Sudutkota.id – Kebakaran hebat melanda gudang milik Pabrik Rokok Suket Teki di Jalan Mayjen Sungkono IV No. 121, Kelurahan Buring, Kecamatan Kedungkandang, Kota Malang, Jumat (24/4/2026) sore. Api yang cepat membesar di kawasan padat permukiman sempat memicu kepanikan warga. Petugas membutuhkan waktu hampir lima jam untuk mengendalikan kobaran.
Peristiwa diketahui sekitar pukul 16.14 WIB. Api diduga muncul dari area dekat musala di lingkungan gudang, lalu merambat ke bangunan penyimpanan bahan produksi yang dipenuhi material mudah terbakar.
Asap hitam pekat membumbung tinggi dan terlihat dari kejauhan.

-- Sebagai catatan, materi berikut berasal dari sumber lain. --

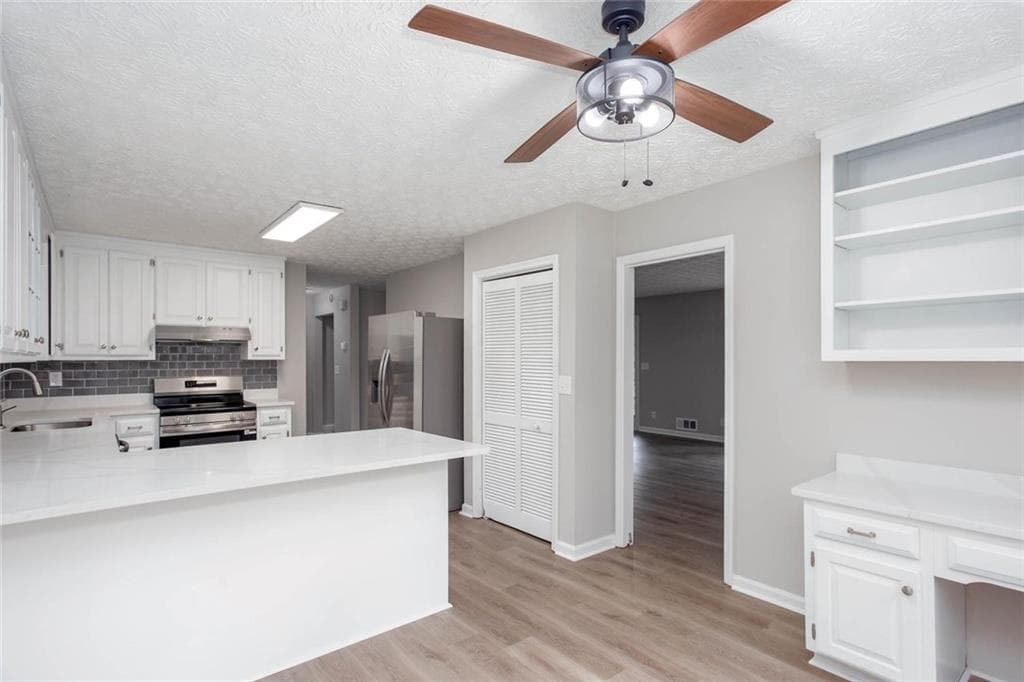 3 bedroom, 3 bathroom, 2,688 sq ft single family residence under contract at 185 Lakeshore Circle, Acworth, GA 30101 — photo 10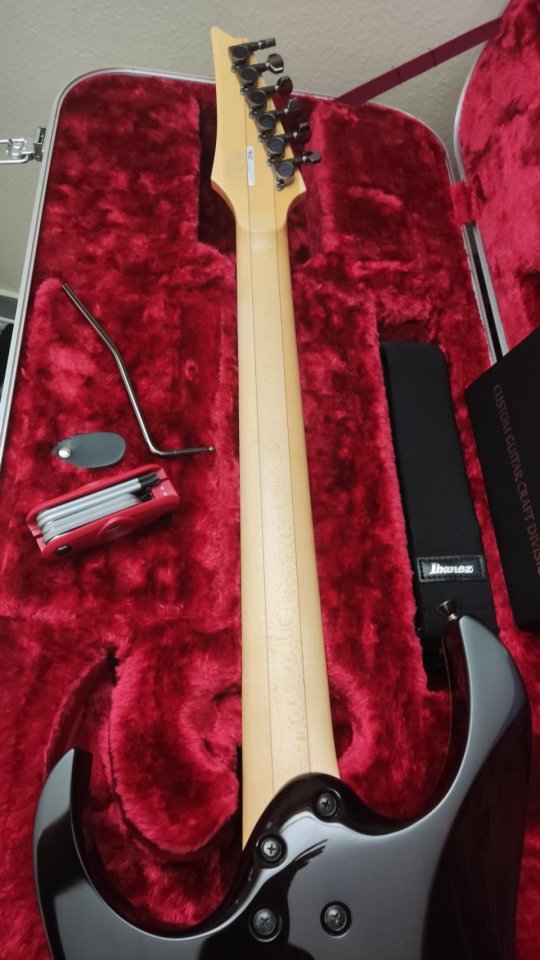 Ibanez J.Custom 8570 Z Black Onix 2016 ( a estrenar ) de segunda mano · Foto 6 de 10 · Barcelona · 2350 €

Warga sekitar berhamburan keluar rumah untuk menyelamatkan diri sekaligus mengamankan barang di sekitar lokasi.
Gudang tersebut menyimpan berbagai bahan produksi seperti kardus, kertas, etiket, filter rokok, hingga bungkus rokok, yang membuat api cepat menjalar.
“Kejadiannya di gudang bahan, saat karyawan hendak pulang,” ujar salah satu petugas keamanan.
Laporan diterima UPT Pemadam Kebakaran pukul 16.18 WIB. Tim langsung diberangkatkan dan tiba di lokasi pukul 16.29 WIB. Saat tiba, api sudah membesar dan melalap sebagian besar bangunan.
Sebanyak 9 unit mobil pemadam dan sekitar 50 personel gabungan dikerahkan. Proses pemadaman dimulai pukul 16.30 WIB dengan total sekitar 240 ribu liter air untuk menjinakkan api.
Komandan Regu 4 UPT Damkar, Pandu Rizki Darmawan, mengatakan fokus utama petugas adalah melokalisir api agar tidak merembet ke permukiman warga.
“Api sudah besar saat kami tiba, sehingga prioritas kami mencegah penyebaran ke bangunan lain,” ujarnya.
Ia menambahkan, banyaknya bahan mudah terbakar seperti kertas dan tembakau menjadi kendala utama dalam proses pemadaman.
Dari pihak kepolisian, Kanit Binmas Polsek Kedungkandang, Agus Widodo, menyebut gudang tersebut berisi bahan produksi rokok.
“Api awal terlihat sekitar pukul 16.15 WIB dari area dekat musala,” katanya.
Tidak ada korban jiwa dalam kejadian ini. Namun, kerugian material diperkirakan mencapai sekitar Rp1 miliar dengan luas area terdampak sekitar 400 meter persegi.
Penyebab kebakaran masih dalam penyelidikan. Polisi telah melakukan olah tempat kejadian perkara dan memeriksa sejumlah saksi.
Petugas mengimbau warga tidak mendekati lokasi karena masih berpotensi bahaya dari bara api dan struktur bangunan yang rawan roboh.
Api akhirnya berhasil dipadamkan sekitar pukul 21.30 WIB. Setelah itu, petugas melakukan pendinginan untuk memastikan tidak ada titik api tersisa. Aktivitas warga berangsur normal, meski bau asap masih tercium di sekitar lokasi.